In Euclidean space, we get a suite of geometric relations that we can use to work with vectors. In a general inner product space, we recover some of the same. In \(\R^2\text{,}\) the dot product contains information about the angle \(\theta\) between two vectors:
\begin{equation*}
\ip{x}{y} = \norm{x}\norm{y} \cos \theta.
\end{equation*}
In the complex or abstract setting, the notion of angle between vectors no longer makes sense, but the relationship of the magnitudes still holds in the form of the Cauchy-Schwarz inequality.
Theorem 2.2.4.
For any \(x, y\) in an inner product space \(V\text{,}\)
\begin{equation}
\abs{\ip{x}{y}} \leq \norm{x}\norm{y}.\tag{2.2.1}
\end{equation}
Equality holds if and only if \(x\) and \(y\) are linearly dependent.
Proof.
First, suppose that \(x\) and \(y\) are linearly dependent so that \(x = c y\) for some \(c \in \C\text{.}\) Then by Theorem 2.2.2 and Definition 2.1.1, the left and right sides of (2.2.1) are both equal to \(\abs{c}\norm{y}\text{.}\)
On the other hand, if \(x, y\) are linearly independent, then for any \(c \in \C\text{,}\) it must be that \(x + c y \neq 0\text{.}\) Then
\begin{align*}
0 \amp \lt \ip{x+cy}{x+cy}\\
\amp = \ip{x}{ x + c y} + \ip{c y}{x + cy}\\
\amp = \ip{x}{x} + \cc{c}\ip{x}{y} + c\ip{y}{x} + c \cc{c} \ip{y}{y}\\
\amp = \norm{x}^2 + \cc{c}\ip{x}{y} + c \cc{\ip{x}{y}} + \abs{c}^2 \norm{y}^2\\
\amp = \norm{x}^2 + 2 \RE\left[ \cc{c} \ip{x}{y} \right] + \abs{c}^2 \norm{y}^2.
\end{align*}
To get the real part of the complex number out of the quadratic expression, let \(\omega\) be a unimodular constant so that \(\cc \omega \ip{x}{y} = \abs{\ip{x}{y}}\text{.}\) Now let \(c = t\omega\) and substitute to conclude that for all \(t \in \R\text{,}\)
\begin{equation*}
0 \lt \norm{x}^2 + 2t\abs{\ip{x}{y}} + t^2 \norm{y}^2.
\end{equation*}
That is, a quadratic polynomial in \(t\) is strictly positive.
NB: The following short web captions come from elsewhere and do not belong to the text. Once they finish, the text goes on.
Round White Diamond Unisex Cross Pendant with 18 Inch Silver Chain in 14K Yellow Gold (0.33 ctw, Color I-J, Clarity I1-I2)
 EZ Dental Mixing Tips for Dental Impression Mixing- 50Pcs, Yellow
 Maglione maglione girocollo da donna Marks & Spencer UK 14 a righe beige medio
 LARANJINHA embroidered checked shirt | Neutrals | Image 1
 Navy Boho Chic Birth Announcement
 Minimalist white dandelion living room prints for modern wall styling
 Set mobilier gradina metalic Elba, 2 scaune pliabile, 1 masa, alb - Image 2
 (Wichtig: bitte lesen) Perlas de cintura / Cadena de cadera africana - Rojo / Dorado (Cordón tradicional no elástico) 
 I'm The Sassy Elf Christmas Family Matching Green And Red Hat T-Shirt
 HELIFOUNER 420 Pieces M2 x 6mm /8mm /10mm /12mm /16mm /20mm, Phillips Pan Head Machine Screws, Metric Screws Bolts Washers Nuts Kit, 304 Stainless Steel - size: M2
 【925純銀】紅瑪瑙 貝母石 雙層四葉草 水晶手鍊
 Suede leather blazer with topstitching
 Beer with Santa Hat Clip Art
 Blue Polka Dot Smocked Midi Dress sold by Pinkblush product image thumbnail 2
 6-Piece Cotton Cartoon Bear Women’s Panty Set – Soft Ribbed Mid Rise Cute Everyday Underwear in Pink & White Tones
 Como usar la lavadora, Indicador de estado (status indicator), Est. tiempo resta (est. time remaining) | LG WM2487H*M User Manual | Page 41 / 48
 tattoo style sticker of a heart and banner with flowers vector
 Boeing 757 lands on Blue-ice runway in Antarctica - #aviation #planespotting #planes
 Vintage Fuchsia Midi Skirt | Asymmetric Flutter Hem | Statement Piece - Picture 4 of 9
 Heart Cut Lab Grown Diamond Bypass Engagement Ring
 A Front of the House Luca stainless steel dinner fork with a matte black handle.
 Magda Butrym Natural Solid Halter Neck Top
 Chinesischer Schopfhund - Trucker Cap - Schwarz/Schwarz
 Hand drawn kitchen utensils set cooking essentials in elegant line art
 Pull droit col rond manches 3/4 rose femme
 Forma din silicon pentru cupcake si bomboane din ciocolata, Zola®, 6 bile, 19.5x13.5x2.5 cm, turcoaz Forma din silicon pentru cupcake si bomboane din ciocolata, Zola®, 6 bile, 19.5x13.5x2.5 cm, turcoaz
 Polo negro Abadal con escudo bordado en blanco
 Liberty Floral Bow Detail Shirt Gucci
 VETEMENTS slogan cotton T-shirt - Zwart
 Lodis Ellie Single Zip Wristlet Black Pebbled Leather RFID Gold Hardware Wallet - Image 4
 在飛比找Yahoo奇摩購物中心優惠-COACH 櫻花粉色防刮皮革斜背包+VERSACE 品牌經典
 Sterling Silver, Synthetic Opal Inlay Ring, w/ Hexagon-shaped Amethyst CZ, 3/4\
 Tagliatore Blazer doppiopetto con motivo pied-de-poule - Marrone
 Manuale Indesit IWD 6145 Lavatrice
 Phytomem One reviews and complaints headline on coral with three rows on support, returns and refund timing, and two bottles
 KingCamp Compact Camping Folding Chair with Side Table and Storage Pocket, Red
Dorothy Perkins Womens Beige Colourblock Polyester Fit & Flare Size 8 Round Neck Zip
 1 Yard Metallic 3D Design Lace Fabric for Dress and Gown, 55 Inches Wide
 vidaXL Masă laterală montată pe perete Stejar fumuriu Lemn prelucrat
This can only happen if the discriminant is negative, which gives
\begin{equation*}
4 \ip{x}{y}^2 - 4 \norm{x}^2\norm{y}^2 \lt 0,
\end{equation*}
and so
\begin{equation*}
\ip{x}{y} \lt \norm{x}\norm{y}.
\end{equation*}
Checkpoint 2.2.5.
Prove that for any \(f\in C[0,1]\text{,}\)
\begin{equation*}
\abs{\int_0^1 f(t) \sin \pi t\, \dd t} \leq \frac{1}{\sqrt{2}} \left(\int_0^1 \abs{f(t)}^2 \, \dd t \right)^{1/2},
\end{equation*}
and find the functions \(f\) for which equality holds.
The Cauchy-Schwarz inequality is the first of a murderers row of important geometric inequalities. The next is probably the single most important inequality in mathematical analysis.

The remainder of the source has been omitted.